Your instructions:
Without including any pictures, reproduce all the lines below word for word.

Data for this exercise:

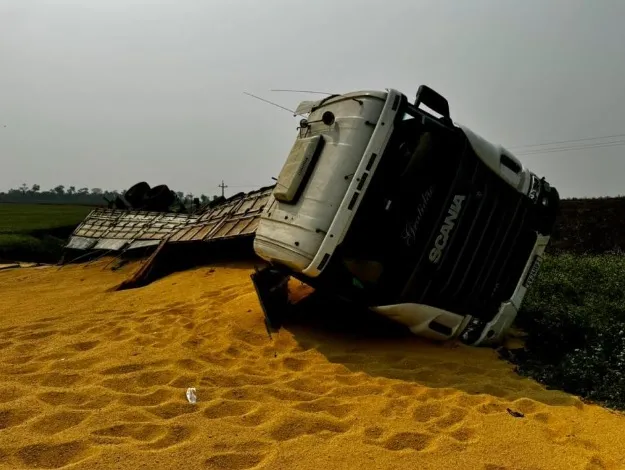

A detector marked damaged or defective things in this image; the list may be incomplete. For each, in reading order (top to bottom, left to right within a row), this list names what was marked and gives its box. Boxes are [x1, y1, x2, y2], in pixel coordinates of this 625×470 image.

overturned truck [251, 86, 560, 346]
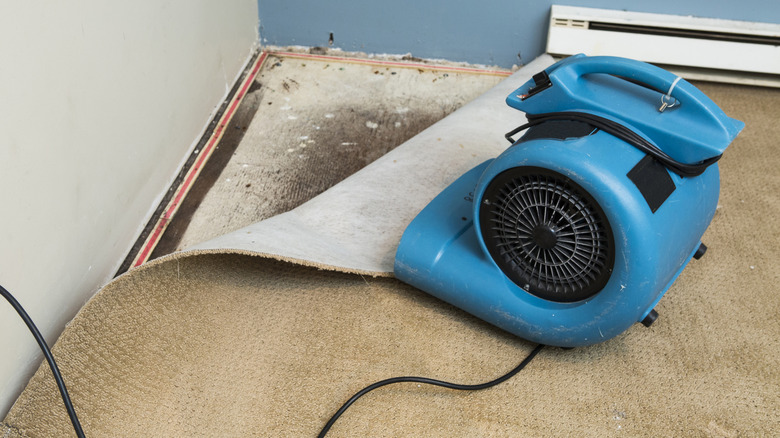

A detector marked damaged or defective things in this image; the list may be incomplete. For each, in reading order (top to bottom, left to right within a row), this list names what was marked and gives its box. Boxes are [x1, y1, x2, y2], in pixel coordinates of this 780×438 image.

water damaged subfloor [151, 50, 512, 256]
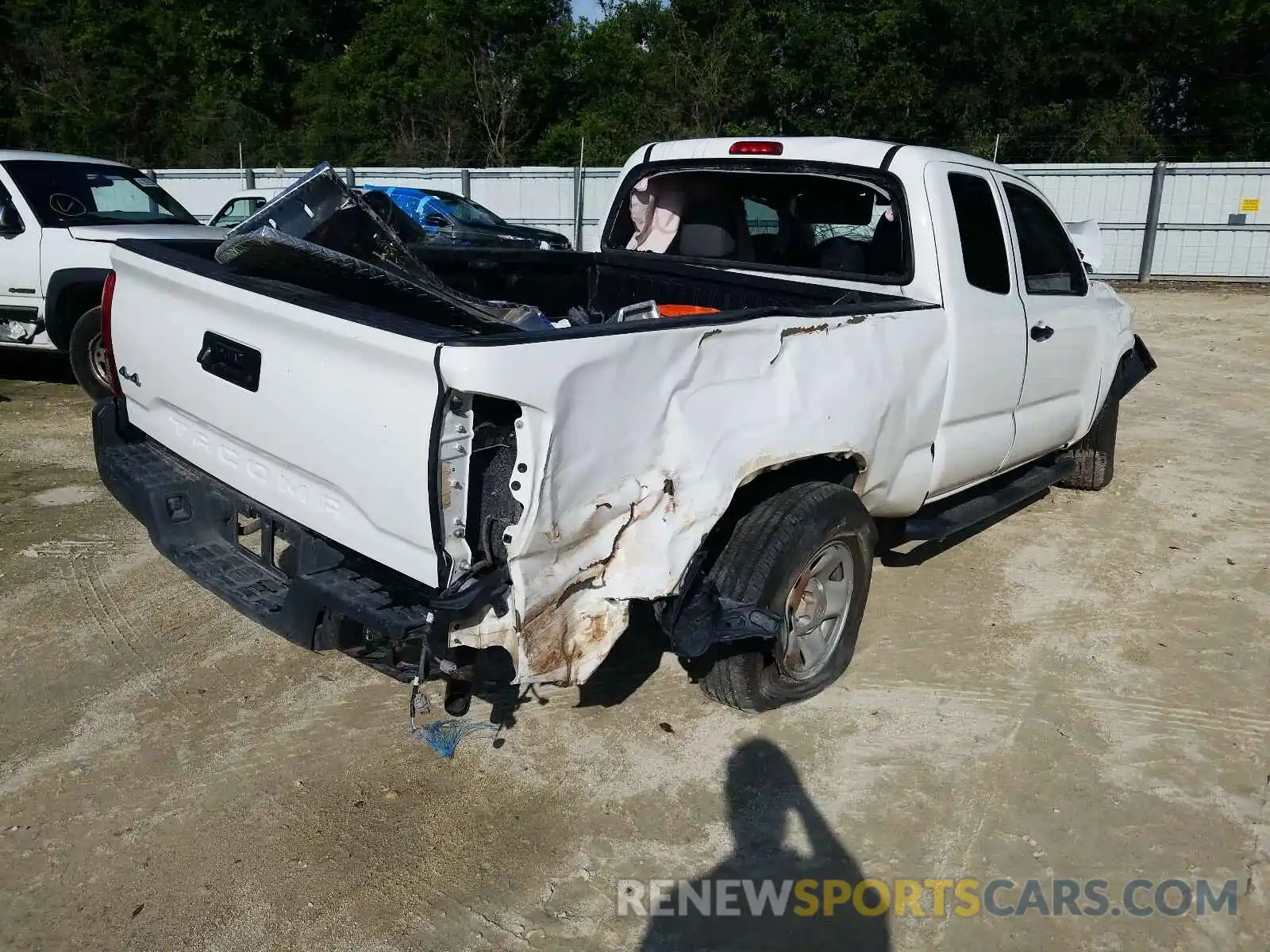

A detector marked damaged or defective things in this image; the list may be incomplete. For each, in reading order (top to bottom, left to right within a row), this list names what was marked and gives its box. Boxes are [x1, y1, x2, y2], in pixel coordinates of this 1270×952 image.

severe collision damage [94, 137, 1156, 711]
broken rear window [610, 167, 908, 281]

Answer to the problem:
A detector marked damaged or defective things in this image; the list may be incomplete. For each, in reading order (top to bottom, left to right within a row), this list names what was marked and gives its box. Boxes are [x1, y1, x2, y2], in pixel coordinates of this 625×470 image.

overturned truck [251, 86, 560, 346]

A detector marked damaged or defective things in this image; the list may be incomplete. For each, in reading order (top to bottom, left to right within a row), this list names what was marked and gives its box. Boxes are [x1, y1, x2, y2], in pixel coordinates of this 780×438 image.

water damaged subfloor [151, 50, 512, 256]

A detector marked damaged or defective things in this image; the list may be incomplete. For each, in reading order (top to bottom, left to right within a row), this list names what was marked and gives its box. Boxes are [x1, y1, x2, y2], in pixel coordinates of this 1270×952 image.

severe collision damage [94, 137, 1156, 711]
broken rear window [610, 167, 908, 281]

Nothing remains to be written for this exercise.